---------- Provided data

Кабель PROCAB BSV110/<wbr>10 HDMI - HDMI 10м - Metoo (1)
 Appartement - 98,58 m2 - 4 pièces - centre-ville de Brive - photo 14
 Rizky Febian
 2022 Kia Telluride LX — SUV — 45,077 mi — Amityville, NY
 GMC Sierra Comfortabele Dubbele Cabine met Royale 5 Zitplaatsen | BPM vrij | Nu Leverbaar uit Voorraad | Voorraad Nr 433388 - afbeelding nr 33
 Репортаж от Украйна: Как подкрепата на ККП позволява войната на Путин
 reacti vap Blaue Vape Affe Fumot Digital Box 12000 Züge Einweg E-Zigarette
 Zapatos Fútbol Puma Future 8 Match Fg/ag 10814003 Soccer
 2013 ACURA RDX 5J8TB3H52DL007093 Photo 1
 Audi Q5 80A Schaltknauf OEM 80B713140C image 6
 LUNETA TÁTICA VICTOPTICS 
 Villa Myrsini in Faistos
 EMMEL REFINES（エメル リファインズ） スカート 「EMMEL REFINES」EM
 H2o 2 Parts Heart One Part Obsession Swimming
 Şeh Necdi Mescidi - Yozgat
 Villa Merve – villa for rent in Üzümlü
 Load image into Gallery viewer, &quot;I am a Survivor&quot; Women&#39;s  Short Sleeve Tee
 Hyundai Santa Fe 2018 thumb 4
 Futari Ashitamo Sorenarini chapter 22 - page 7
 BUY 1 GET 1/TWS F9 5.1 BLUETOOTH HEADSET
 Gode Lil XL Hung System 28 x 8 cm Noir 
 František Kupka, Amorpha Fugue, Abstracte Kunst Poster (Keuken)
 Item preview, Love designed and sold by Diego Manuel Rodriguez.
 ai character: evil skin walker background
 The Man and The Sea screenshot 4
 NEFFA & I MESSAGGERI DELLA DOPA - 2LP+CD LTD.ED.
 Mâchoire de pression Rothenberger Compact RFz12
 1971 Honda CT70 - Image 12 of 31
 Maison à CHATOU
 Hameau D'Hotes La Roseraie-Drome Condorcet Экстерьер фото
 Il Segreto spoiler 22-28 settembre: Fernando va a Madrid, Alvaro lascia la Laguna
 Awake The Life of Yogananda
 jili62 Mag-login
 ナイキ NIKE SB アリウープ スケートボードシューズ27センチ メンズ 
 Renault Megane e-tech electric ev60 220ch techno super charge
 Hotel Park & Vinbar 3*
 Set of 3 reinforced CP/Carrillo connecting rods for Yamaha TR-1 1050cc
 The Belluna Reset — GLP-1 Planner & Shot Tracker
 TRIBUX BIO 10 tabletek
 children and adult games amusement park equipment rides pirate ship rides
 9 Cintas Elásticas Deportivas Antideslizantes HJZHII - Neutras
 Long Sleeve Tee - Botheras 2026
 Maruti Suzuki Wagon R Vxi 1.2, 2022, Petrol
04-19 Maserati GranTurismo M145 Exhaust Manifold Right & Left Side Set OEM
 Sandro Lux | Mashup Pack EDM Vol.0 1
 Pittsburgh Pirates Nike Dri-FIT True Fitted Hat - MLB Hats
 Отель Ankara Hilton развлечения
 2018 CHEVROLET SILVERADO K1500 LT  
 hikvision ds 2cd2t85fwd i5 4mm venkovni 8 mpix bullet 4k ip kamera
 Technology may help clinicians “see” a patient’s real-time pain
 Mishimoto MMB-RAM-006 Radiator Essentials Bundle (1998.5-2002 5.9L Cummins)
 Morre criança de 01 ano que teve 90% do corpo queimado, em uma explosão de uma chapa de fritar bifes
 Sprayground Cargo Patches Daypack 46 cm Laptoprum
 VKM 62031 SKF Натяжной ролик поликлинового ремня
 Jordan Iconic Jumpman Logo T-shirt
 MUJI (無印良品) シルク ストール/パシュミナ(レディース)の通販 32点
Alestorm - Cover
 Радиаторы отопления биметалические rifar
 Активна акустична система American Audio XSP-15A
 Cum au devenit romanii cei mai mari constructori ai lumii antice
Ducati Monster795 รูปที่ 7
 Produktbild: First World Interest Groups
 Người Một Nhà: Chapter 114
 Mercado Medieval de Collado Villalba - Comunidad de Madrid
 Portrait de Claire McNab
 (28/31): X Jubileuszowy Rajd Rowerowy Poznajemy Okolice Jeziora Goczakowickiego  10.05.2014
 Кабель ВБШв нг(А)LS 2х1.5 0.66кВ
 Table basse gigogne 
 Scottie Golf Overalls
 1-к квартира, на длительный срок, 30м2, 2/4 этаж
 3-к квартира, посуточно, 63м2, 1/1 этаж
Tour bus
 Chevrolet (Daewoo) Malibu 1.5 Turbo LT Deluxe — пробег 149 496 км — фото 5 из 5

--------------------

**What to do**
Reproduce, word for word, the lines of the data from the one that contains "Table basse gigogne" to the end, both ends included.

**Expected output**
 Table basse gigogne 
 Scottie Golf Overalls
 1-к квартира, на длительный срок, 30м2, 2/4 этаж
 3-к квартира, посуточно, 63м2, 1/1 этаж
Tour bus
 Chevrolet (Daewoo) Malibu 1.5 Turbo LT Deluxe — пробег 149 496 км — фото 5 из 5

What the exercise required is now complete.